6.93 Software can also be affected by changes in the environment, such as the operating system or other components, rather than any specific application, although it is necessary to distinguish between modification of software in situ and the reuse of software in an environment that is presumed to be similar. An example is the Ariane 5 incident, where the malfunction arose from a changed environment and assumptions that were poorly understood, rather than a defect in the original development. Where the software is modified in situ, the environment does not change; where software is re-used in an environment that is presumed to be similar, the software has not changed, but the environment has. The results in either case are that there may be a mismatch where there was none before.

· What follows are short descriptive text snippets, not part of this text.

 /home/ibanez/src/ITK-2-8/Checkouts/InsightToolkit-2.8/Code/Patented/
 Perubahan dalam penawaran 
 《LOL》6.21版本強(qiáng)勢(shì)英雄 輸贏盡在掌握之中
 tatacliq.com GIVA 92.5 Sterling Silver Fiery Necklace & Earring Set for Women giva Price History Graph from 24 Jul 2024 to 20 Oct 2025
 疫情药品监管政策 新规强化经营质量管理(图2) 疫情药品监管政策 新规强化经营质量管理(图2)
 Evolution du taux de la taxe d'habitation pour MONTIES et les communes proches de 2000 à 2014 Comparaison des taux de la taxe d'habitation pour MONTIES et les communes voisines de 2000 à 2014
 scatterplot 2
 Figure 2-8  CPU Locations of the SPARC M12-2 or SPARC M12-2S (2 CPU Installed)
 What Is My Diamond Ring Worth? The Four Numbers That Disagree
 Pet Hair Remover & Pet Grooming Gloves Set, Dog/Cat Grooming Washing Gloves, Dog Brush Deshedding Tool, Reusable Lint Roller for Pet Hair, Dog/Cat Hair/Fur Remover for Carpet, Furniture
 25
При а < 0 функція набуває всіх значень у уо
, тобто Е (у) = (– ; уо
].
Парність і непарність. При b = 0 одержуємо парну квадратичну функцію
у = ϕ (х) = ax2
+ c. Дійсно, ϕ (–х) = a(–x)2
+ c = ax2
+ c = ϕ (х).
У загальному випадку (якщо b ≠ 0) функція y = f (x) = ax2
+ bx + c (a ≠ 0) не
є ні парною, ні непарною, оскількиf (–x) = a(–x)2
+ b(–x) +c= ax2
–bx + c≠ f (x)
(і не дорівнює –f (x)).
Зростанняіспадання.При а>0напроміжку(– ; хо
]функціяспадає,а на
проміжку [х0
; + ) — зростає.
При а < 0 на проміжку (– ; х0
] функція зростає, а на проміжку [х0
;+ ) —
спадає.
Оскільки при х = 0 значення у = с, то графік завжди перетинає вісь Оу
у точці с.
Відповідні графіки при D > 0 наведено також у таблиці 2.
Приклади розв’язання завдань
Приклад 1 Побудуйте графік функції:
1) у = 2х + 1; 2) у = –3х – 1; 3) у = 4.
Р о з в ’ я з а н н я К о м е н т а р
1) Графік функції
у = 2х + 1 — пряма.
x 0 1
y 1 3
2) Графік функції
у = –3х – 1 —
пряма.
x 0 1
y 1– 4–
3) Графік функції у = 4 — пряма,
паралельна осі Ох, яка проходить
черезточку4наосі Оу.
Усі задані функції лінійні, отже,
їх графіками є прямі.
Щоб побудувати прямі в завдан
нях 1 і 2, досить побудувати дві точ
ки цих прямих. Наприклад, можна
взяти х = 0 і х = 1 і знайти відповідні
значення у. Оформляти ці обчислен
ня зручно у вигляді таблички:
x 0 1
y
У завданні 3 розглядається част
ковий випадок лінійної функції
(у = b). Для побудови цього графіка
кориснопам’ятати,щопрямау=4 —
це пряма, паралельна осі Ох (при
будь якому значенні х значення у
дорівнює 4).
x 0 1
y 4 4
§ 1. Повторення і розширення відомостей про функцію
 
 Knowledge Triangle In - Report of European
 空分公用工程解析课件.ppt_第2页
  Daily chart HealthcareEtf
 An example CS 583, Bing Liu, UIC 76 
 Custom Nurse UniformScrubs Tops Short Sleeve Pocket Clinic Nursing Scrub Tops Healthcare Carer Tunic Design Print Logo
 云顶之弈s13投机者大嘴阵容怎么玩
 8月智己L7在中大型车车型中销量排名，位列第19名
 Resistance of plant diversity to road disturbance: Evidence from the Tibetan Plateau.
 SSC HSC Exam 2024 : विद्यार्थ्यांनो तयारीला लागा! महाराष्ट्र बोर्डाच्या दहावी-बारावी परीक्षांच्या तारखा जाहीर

6.94 Generally speaking, programmers who modify someone else’s code often do not fully understand the software, and may also be less well trained than the people who wrote it. Software can be relied upon to produce verifiably correct results, but to have such a degree of certainty, it is necessary to be assured that the operating conditions remain identical and that nothing else malfunctions. Peter G. Neumann has indicated that even though the utmost care and attention might be devoted to the design of a system, it may still have significant flaws.1 This was illustrated in a 1970 report edited by Willis H. Ware.2 Now freely available, the authors noted, under ‘Failure Prediction’
within section V System Characteristics, that:
In the present state of computer technology, it is impossible to completely anticipate, much less specify, all hardware failure modes, all software design errors or omissions, and, most seriously, all failure modes in which hardware malfunctions lead to software malfunctions. Existing commercial machines have only a minimum of redundancy and error-checking circuits, and thus for most military applications there may be unsatisfactory hardware facilities to assist in the control of hardware/software malfunctions. Furthermore, in the present state of knowledge, it is very difficult to predict the probability of failure of complex hardware and software configurations; thus, redundancy [is] an important design concept.
1 Neumann, Computer Related Risks, 4; see his text generally for this topic.
2 Security Controls for Computer Systems: Report of Defense Science Board Task Force on Computer Security – RAND Report R-609-1 <www.rand.org/pubs/reports/R609-1/index2.html>.
6.95 The authors of the report went on to observe the following in Part C, Technical Recommendations:
(a) It is virtually impossible to verify that a large software system is completely free of errors and anomalies.
(b) The state of system design of large software systems is such that frequent changes to the system can be expected.
(c) Certification of a system is not a fully developed technique nor are its details thoroughly worked out.
(d) System failure modes are not thoroughly understood, cataloged, or protected against.
(e) Large hardware complexes cannot be absolutely guaranteed error-free.